L'inculpation d'Andreotti pour complicité avec Cosa Nostra, en mars
1993, a marqué une rupture décisive dans l'histoire de la question
mafieuse en Italie. Pour la première fois, la magistrature parvenait à intervenir
dans un domaine qui lui était jusque-là demeuré étranger : celui de
la «mafia politique», des «enchevêtrements pervers» entre les pouvoirs
officiels et la criminalité. Les accusations portées contre Andreotti, redoublant
les révélations judiciaires quant à la corruption des élites dirigeantes,
rejaillissaient alors sur le régime dont il avait été l'un des plus
illustres représentants. Elles alimentaient une crise politique de grande
ampleur, qui allait aboutir à la chute de la «Première République» et dont
l'arrivée au pouvoir de Silvio Berlusconi a été la conclusion inattendue.
Comment expliquer une telle rupture ? A quelles conditions des juges se
sont-ils emparés, pour tenter de les sanctionner, des collusions politico-mafieuses
? Sous quelles formes les croisades morales contre la mafia
sont-elles intervenues dans le discrédit soudain qui a frappé les gouvernants
au début des années 1990 et, en retour, dans la légitimation des
acteurs politiques qui revendiquaient leur succession ? Et pourquoi un
procès qui avait été d'abord érigé en symbole de la faillite d'un régime
miné par les illégalités et les compromis occultes est-il progressivement
devenu celui des outrances et des dérives du «gouvernement des juges» ?
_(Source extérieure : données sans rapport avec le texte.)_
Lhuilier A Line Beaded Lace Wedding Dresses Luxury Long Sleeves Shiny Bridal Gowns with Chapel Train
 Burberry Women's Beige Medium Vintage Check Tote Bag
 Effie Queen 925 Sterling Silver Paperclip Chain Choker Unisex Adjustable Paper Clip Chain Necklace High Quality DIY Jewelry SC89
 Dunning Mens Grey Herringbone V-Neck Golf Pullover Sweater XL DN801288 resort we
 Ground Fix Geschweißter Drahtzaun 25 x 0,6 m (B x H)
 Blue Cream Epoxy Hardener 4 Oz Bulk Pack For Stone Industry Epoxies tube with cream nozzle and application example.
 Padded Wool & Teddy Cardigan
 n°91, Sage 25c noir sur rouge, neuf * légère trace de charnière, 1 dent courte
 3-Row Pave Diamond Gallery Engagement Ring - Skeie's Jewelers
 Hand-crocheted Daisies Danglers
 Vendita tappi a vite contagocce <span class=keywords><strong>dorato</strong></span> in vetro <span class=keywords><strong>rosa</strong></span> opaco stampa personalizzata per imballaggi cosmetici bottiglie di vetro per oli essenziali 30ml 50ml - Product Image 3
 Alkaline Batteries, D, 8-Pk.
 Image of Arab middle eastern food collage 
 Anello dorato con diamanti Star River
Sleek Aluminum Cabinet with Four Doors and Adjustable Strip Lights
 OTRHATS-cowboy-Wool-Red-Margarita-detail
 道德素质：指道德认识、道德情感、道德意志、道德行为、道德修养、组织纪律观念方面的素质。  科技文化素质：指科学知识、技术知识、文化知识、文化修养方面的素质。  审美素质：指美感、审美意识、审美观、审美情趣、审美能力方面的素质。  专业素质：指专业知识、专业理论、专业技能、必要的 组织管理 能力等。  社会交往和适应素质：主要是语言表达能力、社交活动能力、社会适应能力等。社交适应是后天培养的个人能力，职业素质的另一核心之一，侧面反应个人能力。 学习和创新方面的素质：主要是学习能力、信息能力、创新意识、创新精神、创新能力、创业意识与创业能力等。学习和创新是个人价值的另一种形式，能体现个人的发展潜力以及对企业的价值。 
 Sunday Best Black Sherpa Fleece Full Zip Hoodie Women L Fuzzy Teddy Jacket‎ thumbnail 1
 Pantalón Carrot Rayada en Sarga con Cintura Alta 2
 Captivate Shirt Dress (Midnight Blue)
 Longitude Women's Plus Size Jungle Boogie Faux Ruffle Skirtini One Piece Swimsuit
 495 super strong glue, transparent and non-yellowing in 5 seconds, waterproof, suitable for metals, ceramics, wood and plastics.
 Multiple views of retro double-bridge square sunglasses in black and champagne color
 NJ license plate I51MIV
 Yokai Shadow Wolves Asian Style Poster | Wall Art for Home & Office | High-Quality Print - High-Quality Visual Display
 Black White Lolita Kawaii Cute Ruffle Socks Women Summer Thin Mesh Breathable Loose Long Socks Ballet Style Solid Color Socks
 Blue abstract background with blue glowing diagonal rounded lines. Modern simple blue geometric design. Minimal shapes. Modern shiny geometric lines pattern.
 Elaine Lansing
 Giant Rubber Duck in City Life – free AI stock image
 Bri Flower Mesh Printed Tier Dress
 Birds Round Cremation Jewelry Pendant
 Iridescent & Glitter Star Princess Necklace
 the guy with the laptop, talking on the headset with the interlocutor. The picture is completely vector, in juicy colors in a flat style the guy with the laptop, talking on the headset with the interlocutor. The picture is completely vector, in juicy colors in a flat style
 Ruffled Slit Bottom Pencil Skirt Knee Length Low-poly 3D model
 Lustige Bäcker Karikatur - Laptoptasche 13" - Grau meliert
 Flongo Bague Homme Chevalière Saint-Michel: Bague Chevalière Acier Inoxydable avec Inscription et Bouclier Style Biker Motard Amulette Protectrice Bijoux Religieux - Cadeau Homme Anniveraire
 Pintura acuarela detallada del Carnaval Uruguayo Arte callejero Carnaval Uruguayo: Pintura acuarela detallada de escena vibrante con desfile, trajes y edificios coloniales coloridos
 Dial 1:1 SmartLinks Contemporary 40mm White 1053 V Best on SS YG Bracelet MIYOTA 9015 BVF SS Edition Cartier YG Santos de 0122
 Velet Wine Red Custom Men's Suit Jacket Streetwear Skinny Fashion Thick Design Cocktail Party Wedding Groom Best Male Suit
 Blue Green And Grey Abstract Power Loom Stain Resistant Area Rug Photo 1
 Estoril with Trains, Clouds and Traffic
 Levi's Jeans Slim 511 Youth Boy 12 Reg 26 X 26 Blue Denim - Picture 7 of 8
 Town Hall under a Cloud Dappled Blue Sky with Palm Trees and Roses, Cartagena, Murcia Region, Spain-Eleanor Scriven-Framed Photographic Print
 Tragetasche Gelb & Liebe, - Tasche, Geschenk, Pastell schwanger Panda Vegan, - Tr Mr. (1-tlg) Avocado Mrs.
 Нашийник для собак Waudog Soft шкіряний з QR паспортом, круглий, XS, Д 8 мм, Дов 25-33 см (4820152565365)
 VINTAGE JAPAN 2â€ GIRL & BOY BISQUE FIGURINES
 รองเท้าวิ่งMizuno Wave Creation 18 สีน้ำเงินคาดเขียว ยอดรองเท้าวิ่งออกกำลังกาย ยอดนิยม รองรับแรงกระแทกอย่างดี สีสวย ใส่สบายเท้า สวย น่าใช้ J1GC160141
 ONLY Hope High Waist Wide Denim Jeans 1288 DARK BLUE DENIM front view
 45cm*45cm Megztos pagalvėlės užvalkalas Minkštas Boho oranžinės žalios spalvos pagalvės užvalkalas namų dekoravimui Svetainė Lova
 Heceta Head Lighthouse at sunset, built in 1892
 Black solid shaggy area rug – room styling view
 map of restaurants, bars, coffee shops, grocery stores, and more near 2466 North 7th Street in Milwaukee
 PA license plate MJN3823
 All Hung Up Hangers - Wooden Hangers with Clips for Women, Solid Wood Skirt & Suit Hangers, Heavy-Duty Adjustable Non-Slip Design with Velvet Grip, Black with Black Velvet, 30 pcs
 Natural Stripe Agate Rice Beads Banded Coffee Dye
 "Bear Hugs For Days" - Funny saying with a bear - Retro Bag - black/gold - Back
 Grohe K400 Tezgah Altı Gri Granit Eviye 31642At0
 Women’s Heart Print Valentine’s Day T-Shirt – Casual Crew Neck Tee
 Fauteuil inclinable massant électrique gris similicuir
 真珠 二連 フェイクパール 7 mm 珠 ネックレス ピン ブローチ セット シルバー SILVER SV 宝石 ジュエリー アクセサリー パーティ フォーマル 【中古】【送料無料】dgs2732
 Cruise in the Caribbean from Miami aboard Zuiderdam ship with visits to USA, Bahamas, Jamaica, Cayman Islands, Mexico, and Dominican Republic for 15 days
En suivant le fil de l'affaire Andreotti, en la resituant dans la trajectoire
longue de la lutte antimafia et en retraçant son déroulement jusqu'à l'acquittement
du prévenu à la fin 2004, ce livre offre des réponses à ces questions.
Au-delà, il interroge les dynamiques et les contradictions du projet
de divulgation de la «face cachée» de l'Italie républicaine, qui a marqué
(et continue de marquer) l'histoire politique et intellectuelle du pays.